Inner Work Friday: Week Two of Eight Week Series by Thomas Telhiard

September 3, 2021 – Inner Task Week Two – SEEING DIMENSION

Last week’s task on STOPPING SEEING may have presented us with that distinction of the energies of urgency and immediacy that Jonathan presented to us several weeks ago. In our day-to-day engagements, we often find ourselves blindly going through motions that support our daily tasks and responsibilities, as well as our forms of entertainment. Although functionally important as these daily tasks are, the urgent energy is a blinding one.

This awareness of blindness is something that I personally experienced as arising within me during the STOP SEEING task. The invitation I heard was to lean more into the energy of immediacy and presence. It is not so much what we are seeing, as how we are seeing. Indeed, how we see informs what we see. The more present we can be, the more un/non-identified we can be with what it is that we are seeing. Note that this non-identification does not mean indifference. Actually being interested is key!

This week, we are literally going deeper into seeing. The question is how do we see and how can we see something new? In HOW WE DO THINGS, J.G. Bennett elaborates on how the extreme automatism which characterizes how we take in mental images can handicap our capacity to see or think about anything in a novel way. Our ‘sleep’ state of habituated thinking and seeing holds us captive and, moreover, unless we have a strong desire or wish from a three-centered posture, then we cannot even begin. To wish to see differently must employ all three centers – mental, emotional, physical. In addition, time must be set aside daily to practice any new way of seeing.

The task that Bennet suggested to his students involving depth in vision particularly strikes me. It is worth quoting:

“Most people see things simply as flat projections.

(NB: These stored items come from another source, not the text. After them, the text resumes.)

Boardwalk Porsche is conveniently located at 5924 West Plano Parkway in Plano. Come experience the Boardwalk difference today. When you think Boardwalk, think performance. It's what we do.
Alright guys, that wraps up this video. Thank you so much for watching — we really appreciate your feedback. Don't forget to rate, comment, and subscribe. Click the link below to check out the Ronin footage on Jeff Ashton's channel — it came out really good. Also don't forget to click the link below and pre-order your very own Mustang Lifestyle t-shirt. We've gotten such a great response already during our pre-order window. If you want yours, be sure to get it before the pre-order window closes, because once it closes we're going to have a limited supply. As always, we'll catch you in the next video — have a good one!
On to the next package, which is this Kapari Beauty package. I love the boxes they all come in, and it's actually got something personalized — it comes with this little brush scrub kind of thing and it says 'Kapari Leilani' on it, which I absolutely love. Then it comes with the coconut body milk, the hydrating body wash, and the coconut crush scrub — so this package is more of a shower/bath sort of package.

I propose that, in the course of the various things you may be doing today, you set yourself to remember to look at things in depth; that is, to remember that you have two-eyed binocular vision, and that thanks to this you have the power to seeing the depth of the field of your visual image of the moment. You will see that in order to remember to return to this from time to time, you must really arouse in yourself a feeling of interest in acquiring this perspective vision more strongly, so that things really stand out in depth.”
(Petersham, MA: The J.G. Bennett Foundation, 2017)
This feeling of interest is crucial. ‘Interest’ here can be aligned with Presence.

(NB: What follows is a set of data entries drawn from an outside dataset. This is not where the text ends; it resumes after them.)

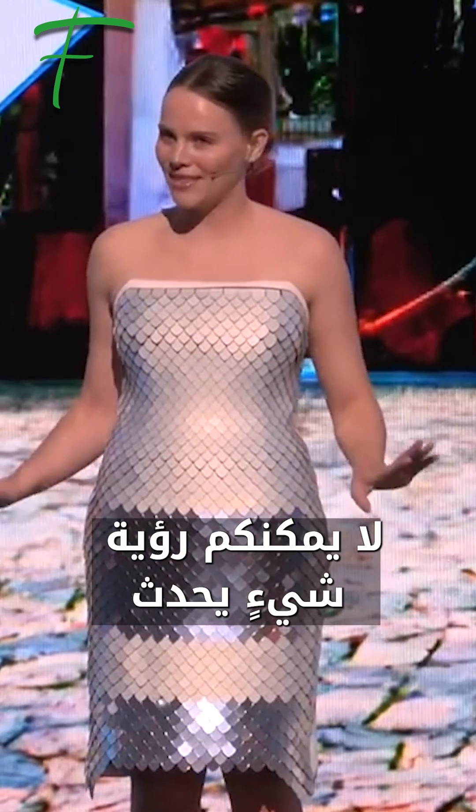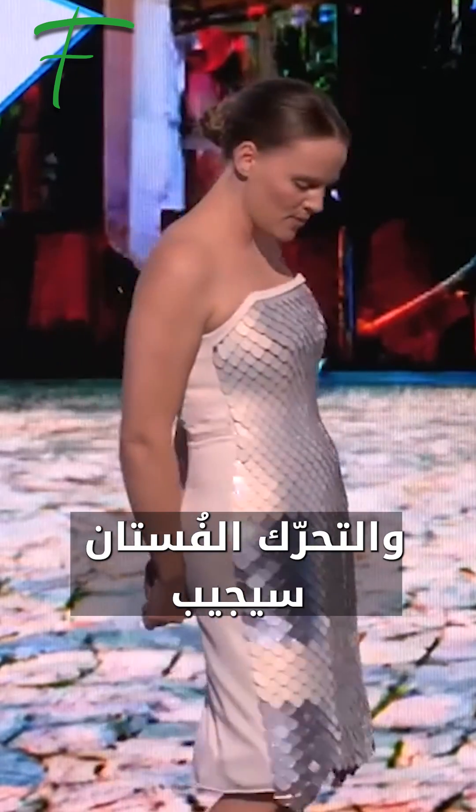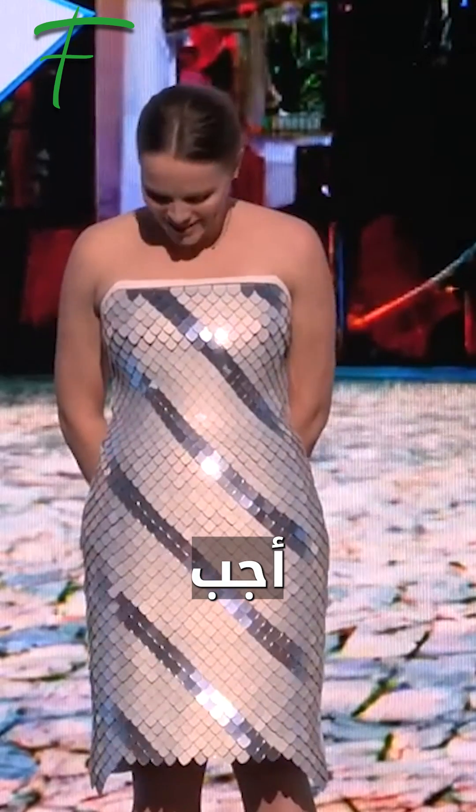So right now in this mode, you can see nothing's really happening. But as I kind of turn and move, the dress will respond. Respond — let's try it.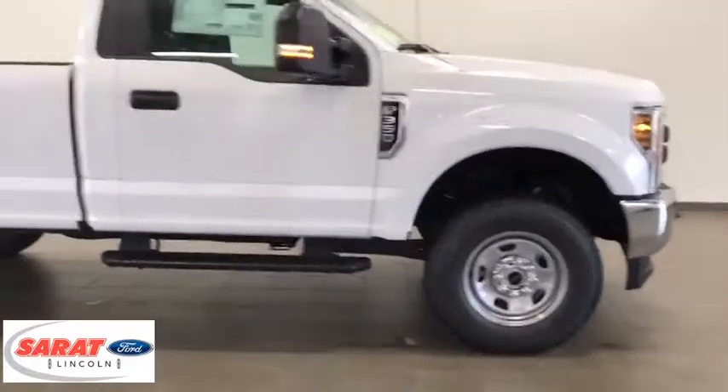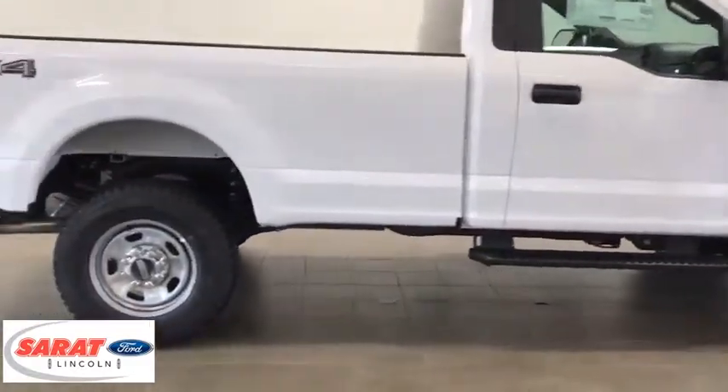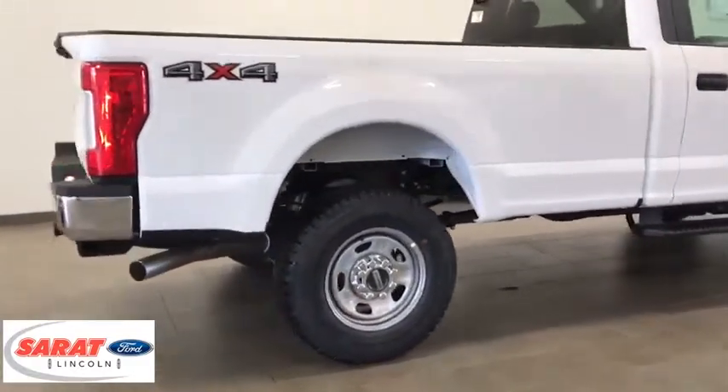Ford F-350 Super Duty. Here are some of this vehicle's great options: backup camera, trip computer.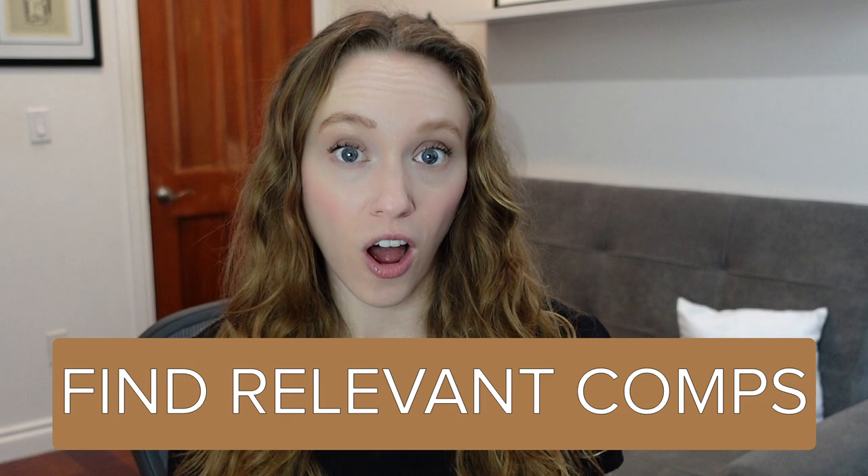My next tip for pitching your novel is to find relevant comps. I know comparable titles are the bane of every writer's existence, especially those seeking traditional publishing. It might feel unnatural to compare your story to others, or perhaps you simply don't have time to read recently published books. But comparable titles can be really helpful for pitching your book — and this goes for self-publishing as well. Comps help a literary agent or a potential reader understand what to expect from your story and what other audiences it would appeal to.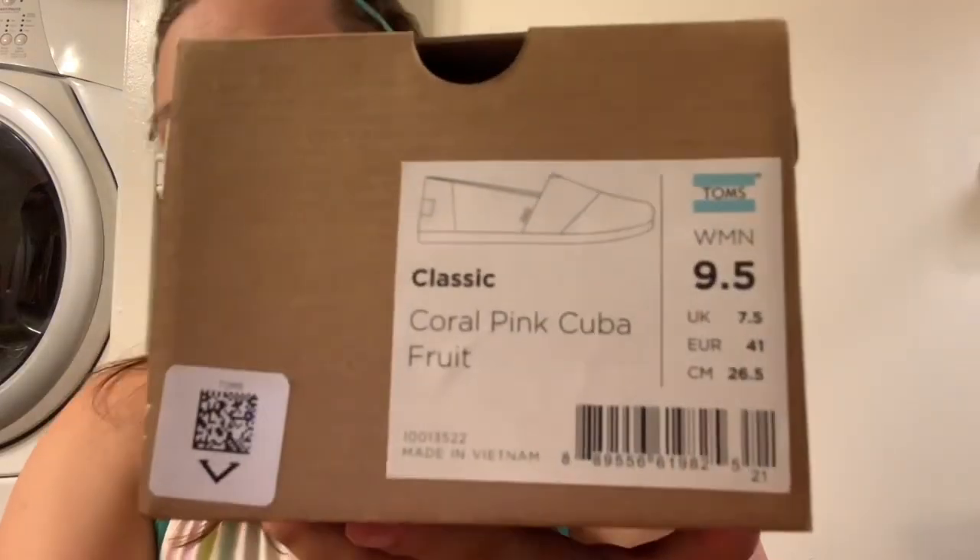It says the Venice collection. I love Toms because you buy one pair and they give one pair away to kids in need, people in need. And this is the size.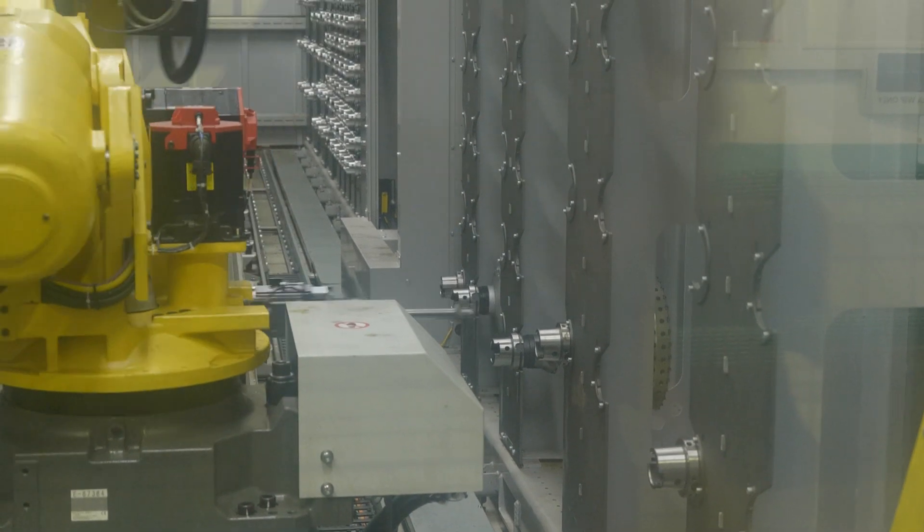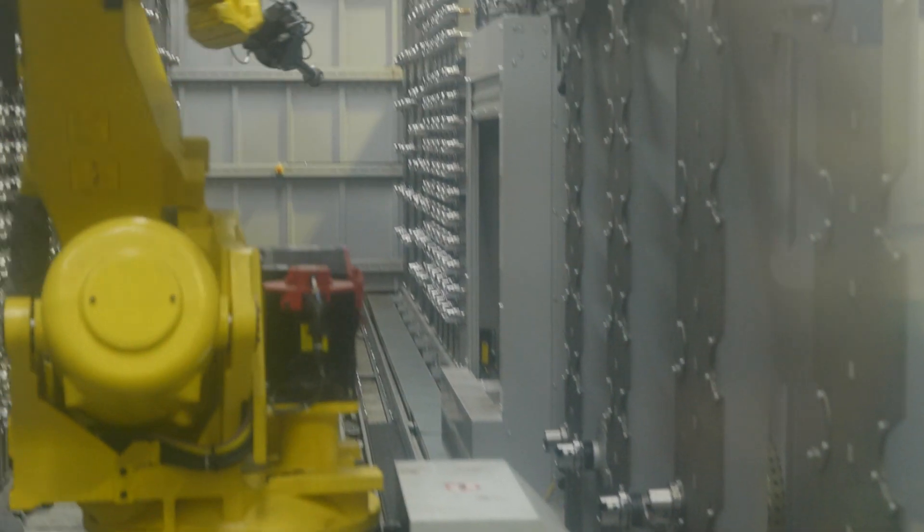If one machine breaks down, the system is clever enough to realise the situation. The software is clever enough to adapt — another machine will step in, take control of that task, and make sure the task is still delivered.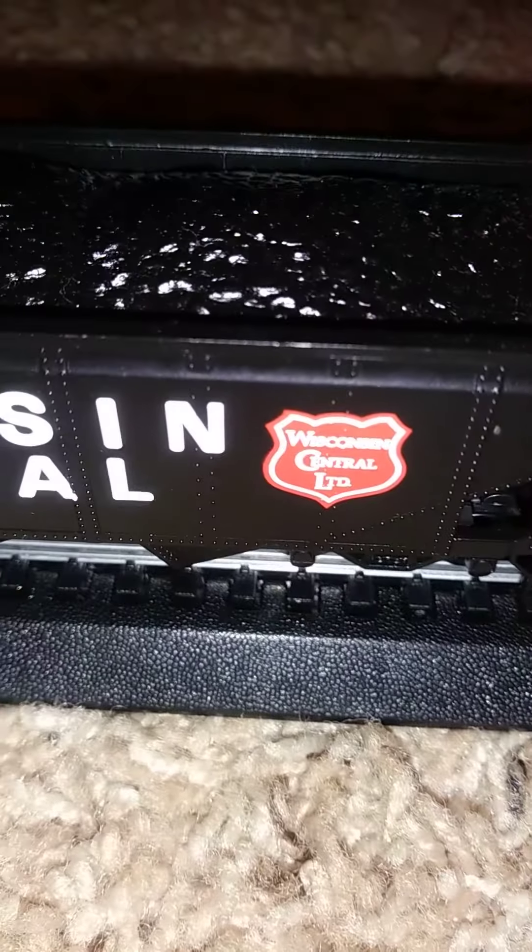I think we got a Wisconsin Central Coal Hopper — it says right there, Wisconsin Central LTD, and it also says it on the side. They also got the coal load in there. It's pretty realistic. I'm not sure if you guys can see that too well, but yeah, there it is.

This is the task for the week:

  1. Either use the stop practice, or intentionally set yourself in a particular environment.
  2. Notice what is in your field of vision, but more particularly, begin to sense the depth and dimension of the visual field itself.
  3. Cultivate a presence through your three centers, while taking in these dimensioned images.
  4. What arises?

As I sit in my dining room, I look into the adjoining living room and see what is there: the floor rug, the coffee table upon the rug, the sofa, the chair, the fireplace, my dog Sophia lying upon the rug, the fireplace mantle, the bookcase, the chair, the lamp, the pictures on the wall, the opening into the sun room, the light rays streaming onto the walls, the sun room rug, the piano, the book shelves and window blinds. I notice the dimensions of depth in the placement of the items within my visual frame. I have a sense of presence about myself – mind, body and feeling. What arises?

We are attempting to see dimension and perspective.